Fictions of Encounter

25.09.08 | Comment?

The “imaginary voyage” was an early form of the modern realist novel popular in Britain and France from the seventeenth to the early nineteenth centuries, set predominantly in the region of Australasia and the Pacific. As a branch of travel literature, it was linked intimately to the expansion of empire. Through repeated stories of successful colonizing schemes and heroic accounts of cross-cultural encounters between European travelers and the people of the antipodes, these texts allowed European readers to enjoy farfetched fantasies of colonization well before, and during, the period of actual colonial expansion. As in the case of the many better-known examples of literary fiction produced in the later period of European imperial dominance, imaginary voyage fiction helped embed social acceptance of colonial expansion by modeling cultural domination as natural, beneficial, and welcome.

Surprisingly, the genre continued to thrive when documentary accounts of actual voyages to the antipodes began to emerge. Now, however, the imaginary voyage receives little attention, and has all but disappeared from public awareness. This essay describes and explores some key aspects of this long-neglected genre, with the aim of showing that it played a more important role both in terms of literary history and in the history of colonization itself than has hitherto been recognized. More specifically, its deliberate exploitation of the shifting boundaries between reality and fantasy casts light on the development of literary realism and especially on the uneasy relationship between fact and fiction that continues to challenge historians and literary critics to this day. Intrinsically linked to this blurring of boundaries was the role of this forgotten genre in the shaping of the colonial imagination.
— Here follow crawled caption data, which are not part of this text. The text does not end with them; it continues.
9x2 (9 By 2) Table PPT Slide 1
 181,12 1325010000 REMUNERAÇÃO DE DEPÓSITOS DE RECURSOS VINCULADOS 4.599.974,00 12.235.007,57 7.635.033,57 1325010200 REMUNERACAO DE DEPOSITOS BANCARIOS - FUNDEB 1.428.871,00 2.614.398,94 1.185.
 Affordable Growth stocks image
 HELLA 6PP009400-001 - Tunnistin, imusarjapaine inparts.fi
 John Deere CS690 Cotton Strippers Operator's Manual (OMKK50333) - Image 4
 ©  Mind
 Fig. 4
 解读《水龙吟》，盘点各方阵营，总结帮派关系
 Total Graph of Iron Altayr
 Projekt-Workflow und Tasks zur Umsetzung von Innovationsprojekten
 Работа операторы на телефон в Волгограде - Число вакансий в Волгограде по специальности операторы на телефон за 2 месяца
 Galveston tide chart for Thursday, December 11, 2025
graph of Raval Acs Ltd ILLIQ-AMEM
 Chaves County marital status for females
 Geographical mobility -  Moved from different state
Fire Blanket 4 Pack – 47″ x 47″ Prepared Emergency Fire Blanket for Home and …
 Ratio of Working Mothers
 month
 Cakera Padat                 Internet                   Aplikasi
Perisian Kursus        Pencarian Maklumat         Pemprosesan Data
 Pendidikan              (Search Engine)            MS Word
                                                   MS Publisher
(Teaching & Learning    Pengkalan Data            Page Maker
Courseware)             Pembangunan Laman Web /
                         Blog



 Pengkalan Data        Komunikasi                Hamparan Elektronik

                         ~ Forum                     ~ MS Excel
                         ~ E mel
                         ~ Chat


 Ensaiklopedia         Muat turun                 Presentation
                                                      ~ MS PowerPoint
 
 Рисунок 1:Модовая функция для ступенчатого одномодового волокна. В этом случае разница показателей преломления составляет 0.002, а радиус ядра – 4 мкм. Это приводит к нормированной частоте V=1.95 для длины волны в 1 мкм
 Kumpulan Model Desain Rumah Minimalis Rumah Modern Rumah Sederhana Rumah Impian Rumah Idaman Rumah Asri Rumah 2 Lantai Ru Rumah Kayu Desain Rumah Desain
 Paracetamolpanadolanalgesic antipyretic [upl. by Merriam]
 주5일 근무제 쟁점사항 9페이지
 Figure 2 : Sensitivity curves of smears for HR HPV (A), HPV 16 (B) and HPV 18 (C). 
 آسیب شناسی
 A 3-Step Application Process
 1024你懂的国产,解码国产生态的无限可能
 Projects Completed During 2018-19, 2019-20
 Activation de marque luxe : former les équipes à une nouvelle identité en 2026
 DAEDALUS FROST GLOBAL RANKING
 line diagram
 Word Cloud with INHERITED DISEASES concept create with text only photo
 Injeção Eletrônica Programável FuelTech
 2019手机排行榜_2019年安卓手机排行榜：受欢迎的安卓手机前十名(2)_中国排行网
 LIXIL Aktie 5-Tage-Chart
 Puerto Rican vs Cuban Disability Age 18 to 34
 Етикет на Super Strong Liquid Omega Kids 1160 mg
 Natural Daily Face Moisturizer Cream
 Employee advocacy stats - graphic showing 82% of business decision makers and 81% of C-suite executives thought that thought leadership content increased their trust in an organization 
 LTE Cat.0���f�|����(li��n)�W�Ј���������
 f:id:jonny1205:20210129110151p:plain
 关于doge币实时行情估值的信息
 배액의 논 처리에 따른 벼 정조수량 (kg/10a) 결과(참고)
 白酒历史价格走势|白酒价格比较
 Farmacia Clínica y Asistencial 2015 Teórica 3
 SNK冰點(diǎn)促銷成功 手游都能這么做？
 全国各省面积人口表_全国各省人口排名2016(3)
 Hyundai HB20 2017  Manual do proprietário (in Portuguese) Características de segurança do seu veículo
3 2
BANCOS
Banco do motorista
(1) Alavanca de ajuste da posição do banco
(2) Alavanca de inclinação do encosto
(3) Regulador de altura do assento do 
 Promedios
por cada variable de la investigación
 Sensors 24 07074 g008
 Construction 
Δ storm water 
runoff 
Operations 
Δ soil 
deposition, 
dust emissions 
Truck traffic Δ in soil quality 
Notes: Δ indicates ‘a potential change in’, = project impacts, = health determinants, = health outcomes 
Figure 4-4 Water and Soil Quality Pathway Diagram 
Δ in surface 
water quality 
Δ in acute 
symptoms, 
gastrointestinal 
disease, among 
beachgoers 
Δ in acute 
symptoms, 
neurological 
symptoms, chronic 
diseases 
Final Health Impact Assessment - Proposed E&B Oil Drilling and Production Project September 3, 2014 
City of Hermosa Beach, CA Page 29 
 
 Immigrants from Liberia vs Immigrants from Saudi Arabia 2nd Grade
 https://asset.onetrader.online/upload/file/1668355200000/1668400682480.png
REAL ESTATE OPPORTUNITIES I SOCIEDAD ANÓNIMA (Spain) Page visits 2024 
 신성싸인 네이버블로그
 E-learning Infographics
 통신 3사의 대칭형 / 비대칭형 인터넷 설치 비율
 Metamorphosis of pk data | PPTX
Typically, imaginary voyages are both utopian in their visions of fictional worlds and written in a satirical style that allows veiled attacks on contemporary political figures and practices. Critics trace the genre’s origins to forms of literary romance and utopian projection. Although its status as a prototype for the modern realist novel and precursor to the genres of science fiction and fantasy are well recognized, the genre has generally been marginalized or overlooked, mainly on the grounds that the imaginary voyage texts had limited truth value when compared with contemporary accounts of genuine travels. On this basis, the imaginary voyage was seen mainly as a fanciful precursor to documentaries of travel, and as having been displaced by them.

[extract]

Arthur, Paul Longley. “Fictions of Encounter: Eighteenth Century Imaginary Voyages to the Antipodes,” The Eighteenth Century: Theory and Interpretation 49, no. 3 (2008): 197–210. doi: 10.1353/ecy.0.0014.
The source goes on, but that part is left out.